Des middags na een homp brood en een kop hete soep, stem ik mijn cello op de tonen van de wind en strijk vervolgens de kreukels in zijn stembanden glad. Of rikketik met de regen mee, ritmes op het computerklavier… 
Knap klusjes op samen met de kabouters in mijn tuin, of doe boodschappen wadend door de bladerzee. 
Geen tijd verzaken, bezig blijven luidt mijn advies. 
Wat me vroeger terneer drukte wordt opeens, muziek, kleur, verhaal of een spel… 
De korte herfstdagen kunnen me niet langer deren alles is plots goed en wel. 
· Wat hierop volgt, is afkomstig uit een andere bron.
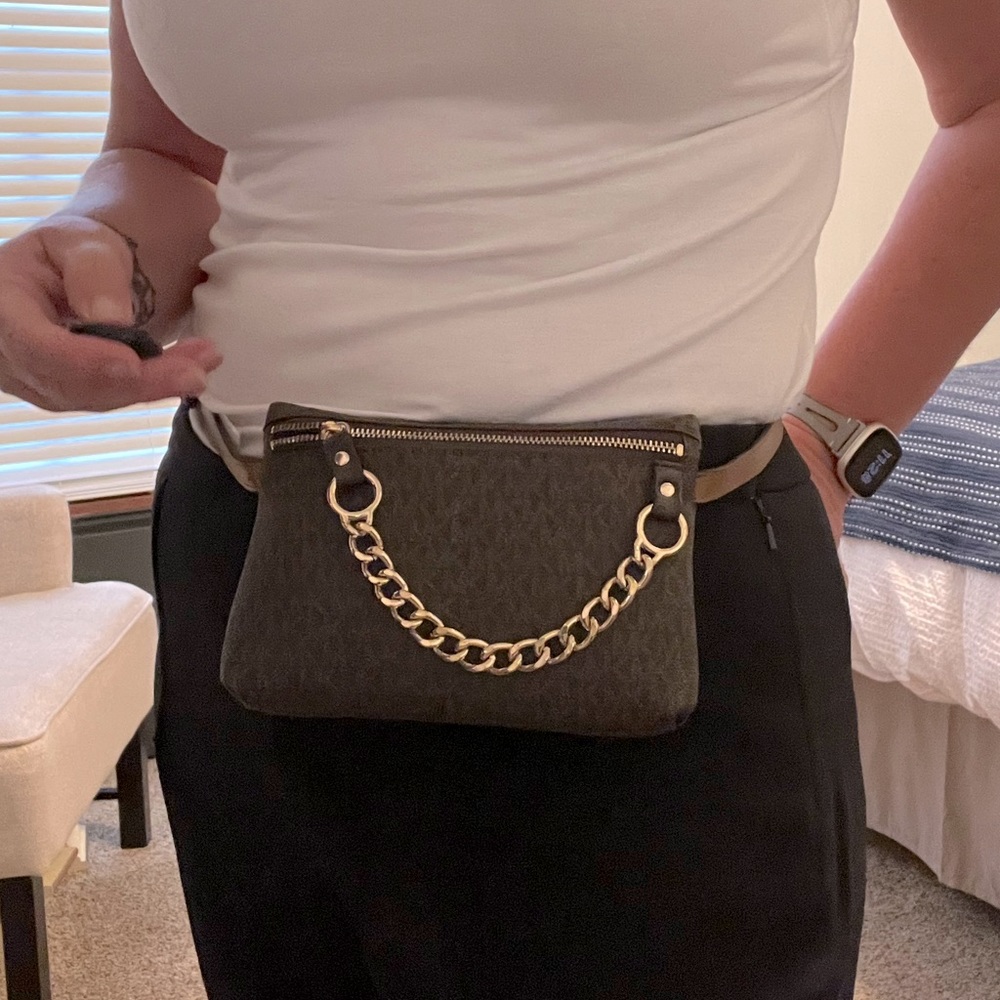 Michael Kors Fanny Pac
En ’s avonds en ’s avonds en ’s avonds is het nog beter. De duisternis brengt gezelligheid wanneer ik kaarsjes aansteek. 
Ik nestel me in een wollen deken achter een kop warme melk met honing en neem een boek ter hand. 
De krijger in mijn hoofd en hart, nu zittend op de bank, jaagt zwarte gedachten weg en geeft zelfs aan dit treurigste aller jaargetijden iets kleurrijk en apart! 


° O °

vrijdag 15 oktober 2010

Totaly sMurphy…





Ken je dat? Zo’n dag waarop alle elektronica het vertikt om mee te werken?

De batterij van je GSM die forfait geeft alvorens je, om die ellenlange ( ...ben ik in gespecialiseerd …)sms door te sturen, op de knop “verzenden” kon drukken?

De kat die een kom melk omstoot,

...en je fototoestel dat, op het ogenblik waarop je denkt, daarvan de shot van je leven te maken, plots aangeeft dat de belichting onvoldoende is en jouw beeld dan maar drie seconden “verwerkt” alvorens een schimmig plaatje te tonen waarop niets herkenbaars meer te bespeuren is?
Die er daarenboven net als je GSM de brui aan geeft wanneer je beslist, om tegen je eigen principes in, het poezebeest toch maar gauw met flits, vast te leggen…

Je internetverbinding die uitvalt wanneer je dringend een adres dient op te zoeken?

De computer die opeens afsluit omdat hij zonder je medeweten de verbinding met Internet herstelde, ondertussen updates installeerde en omwille daarvan dient heropgestart te worden, precies op het moment dat jij de blog wou opslaan die je voor het grootste deel al had geschreven, maar in je enthousiasme even was vergeten te “saven”?

Zo ’n ochtend waarop de geest van Murphy rondwaart, op zoek naar een slachtoffer en kennelijk een manische drang heeft om zich eventjes met jouw leven te gaan bemoeien?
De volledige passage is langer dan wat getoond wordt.